Burnout is the psychological, emotional, and sometimes, physical withdrawal from an activity you once enjoyed. At first, you feel emotionally and physically exhausted and nothing can get you energized. Next, you develop a cynical attitude towards fitness, believing it’s pointless and won’t help you to achieve any of your goals. Eventually, you start to think negatively about yourself and your performance.

Although burnout is real, if you are experiencing it, or believe you may be on your way, you’re not doomed. Here are 5 proven steps you can start today to give yourself the best shot at regaining your energy and positive focus. Many of these steps could also be used to combat burnout in other areas of your life as well.

Step 1: Change your routine
Demotivation and burnout is often the result of following the same routine and focusing on the same goals. A common phrase in sport psychology is “A change is as good as rest.” Any type of change, such as switching programs, training with a friend, or using different equipment (e.g. resistant bands instead of weights) can create a new challenge that not only improves your physical health, but your overall mindset, energy, and motivation to get back to your workout program.

Step 2: Remember your fitness pleasures
Developing lean muscles, lowering your body fat percentage, or achieving gains in muscular strength are all good reasons for training. However, a tunnel vision focus on results can quickly contribute to burnout because it distracts you away from the enjoyment of being physically active for its own sake.

When you’re following a training schedule, continue to include other physical activities you enjoy such as hiking, dancing, swimming, or tennis. By balancing activities driven by intrinsic motivation (those you do purely for the satisfaction you experience when doing them) with those that are driven by extrinsic motivation (motivation that is connected in some way to an external driver) you can optimize your fitness enthusiasm.

Step 3: Celebrate your daily efforts and achievements
Burnout can be partially brought on if you’re constantly focusing on what you haven’t achieved yet. It’s time to focus on the good stuff. For instance, take a look at pro sports. It’s not just the goals that are applauded. Every successful catch, interception, and rebound is celebrated by the players. The athletes always take a brief moment to acknowledge their efforts and achievements. You too must celebrate your daily successes. Take at least one minute every day to journal one fitness achievement. It may be that you completed the entire set of an exercise for the first time, that you trained even though you really didn’t feel like it, or that you moved up a skill level.

Step 4: Set daily process goals
Setting long-term result goals are valuable, but if they don’t come as quickly as you think they should they can also distract you from the day-to-day and cause you a lot of stress. Process goals help you to stay focused on the little things that will keep you confident and motivated to cross the finish line. Your process goals could be holding a specific pose for five more seconds, making it through your training without pressing the pause button, or improving your technique in one particular exercise. With each fitness session, fulfilling your process objectives will create a greater sense of achievement that can only boost your inner drive.

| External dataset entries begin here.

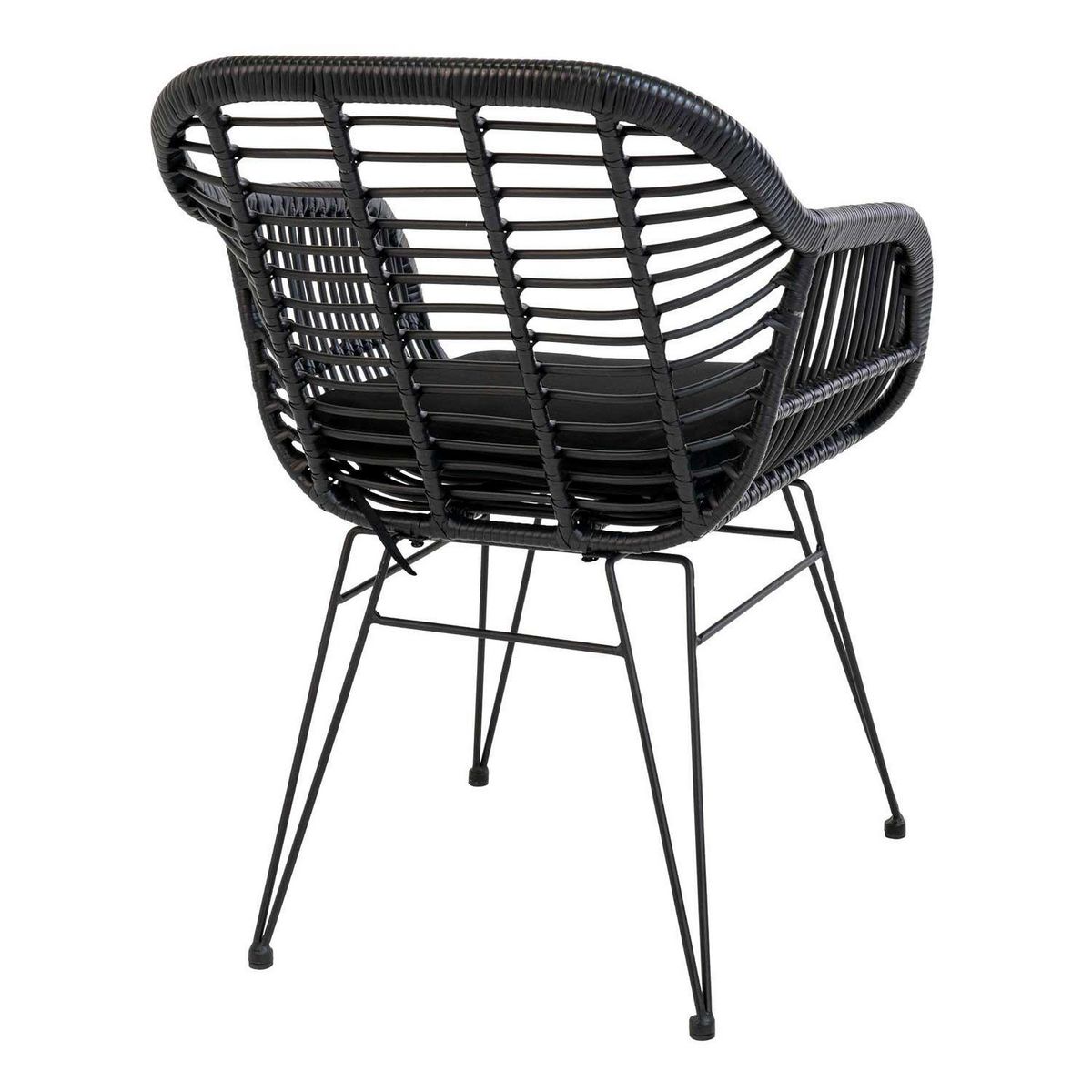 HOUSE NORDIC 4 Fauteuils de jardin noirs TRIESTE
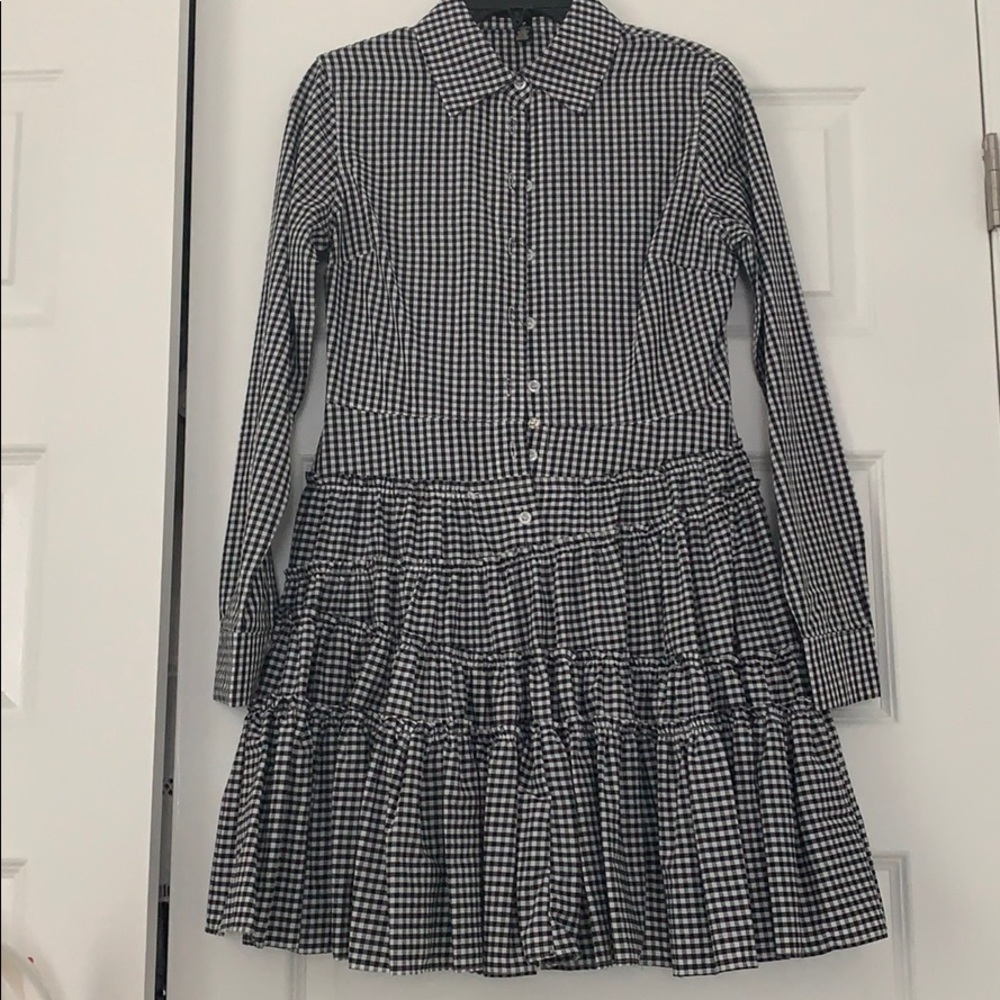 Aqua - A Line Checkered Tiered Dress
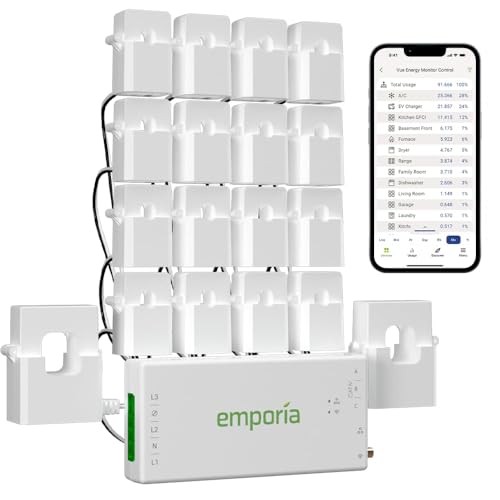 Emporia Vue 3 Home Energy Monitor - Smart Home Automation Module and Real Time Electricity Usage Monitor, Power Consumption Meter, Solar and Net Metering for UL Certified Safe Energy Monitoring by EMPORIA - Used condition - US$189.99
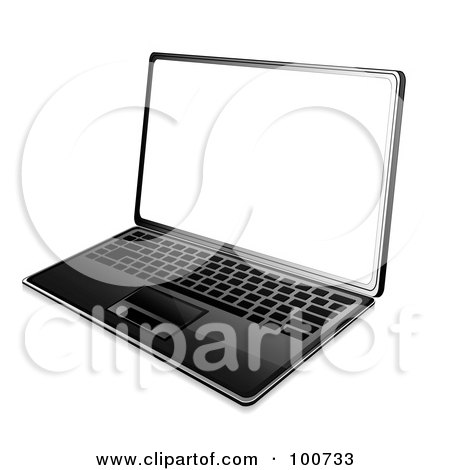 Royalty-Free (RF) Clipart Illustration of a Modern Black Laptop Angled To The Left, With A White Screen by MilsiArt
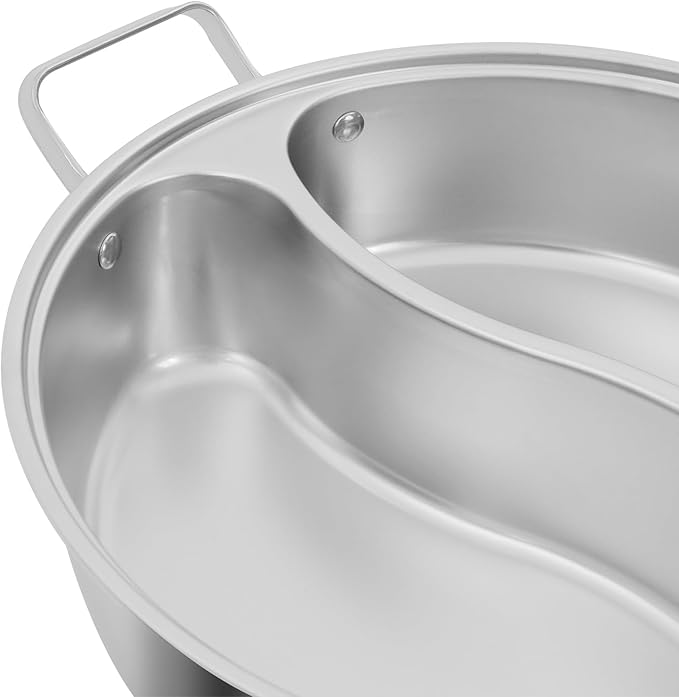 Double-flavor Hot Pot, 5L Stainless Steel Hot Pot with Divider and Clear Lid Divided Stockpot for Gas Hob Induction Hob Electric Ceramic Hob Electric Heater (12.6 * 3.5 inch)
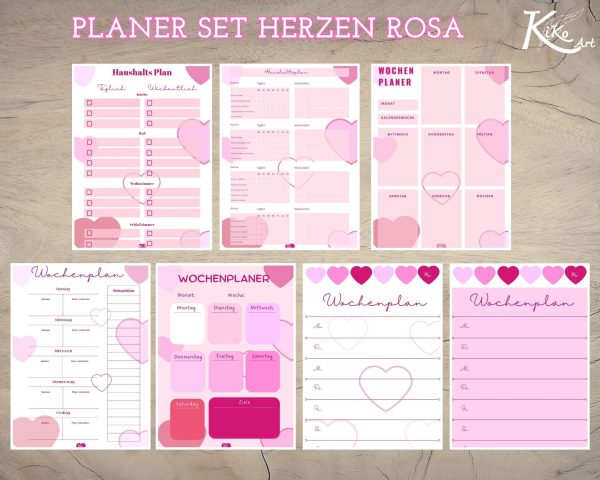 Planer Set Herzen rosa – Bild 2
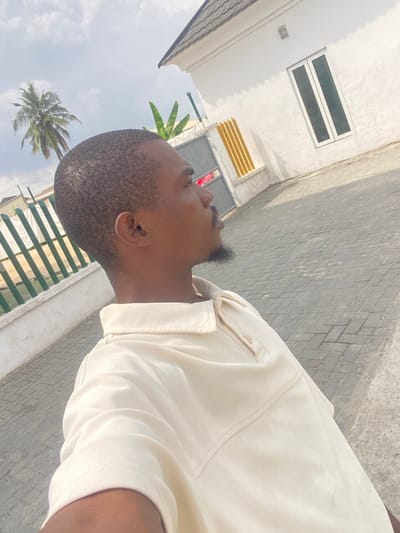 The image displays an adult male, observed in profile facing right, positioned outdoors in Langbasa, Nigeria. The individual has short dark hair and a trimmed beard, and is wearing a light beige short-sleeved polo shirt with a collar and a two-button placket. He is looking slightly upward towards the right. The background features a paved ground surface made of grey interlocking concrete pavers. To the left, a tall palm tree rises behind a green and white fence. To the right, a modern white building with a dark grey sloped roof is visible, featuring a white-framed window with two vertical panes and a section of wall adorned with vertical yellow decorative elements. A grey gate is partially seen behind a white perimeter wall. The scene is illuminated by bright daylight under a partially cloudy sky.
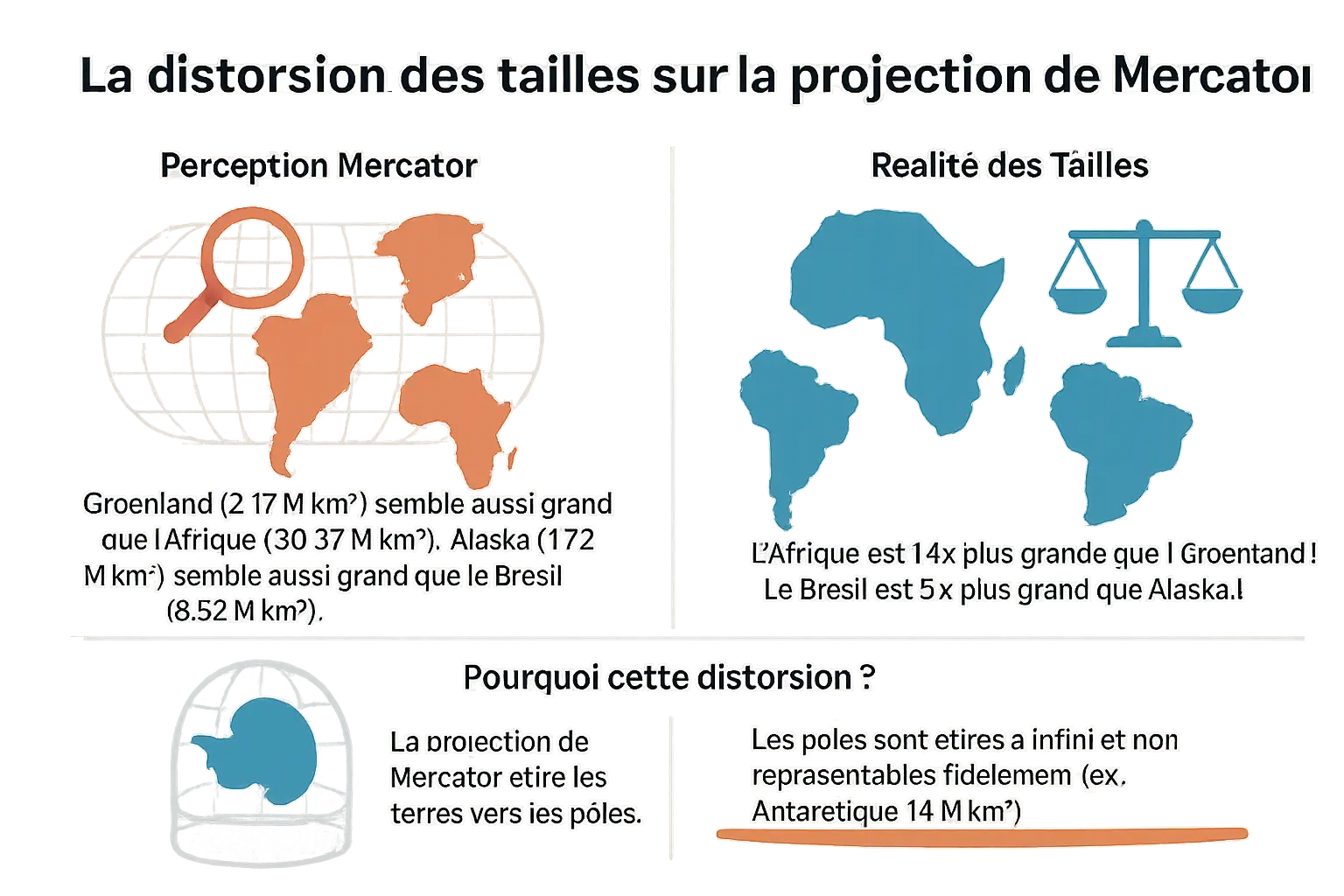 Illustration de la distorsion de la projection Mercator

Step 5: Ask for social support
One of the best ways out of burnout is to ask for support. Reach out and share your experiences, talk through specific problems that are having a negative impact on your mood. As the old adage goes, “A problem shared is a problem halved.” The message boards, blog comments, and Beachbody’s social pages are there for you to do just that. By vocalizing your pain and talking through solutions you’ll feel less alone in your experience. It will also help you feel as though you are taking action towards improving your situation, and that can give you an extra little boost of confidence to push through and persevere.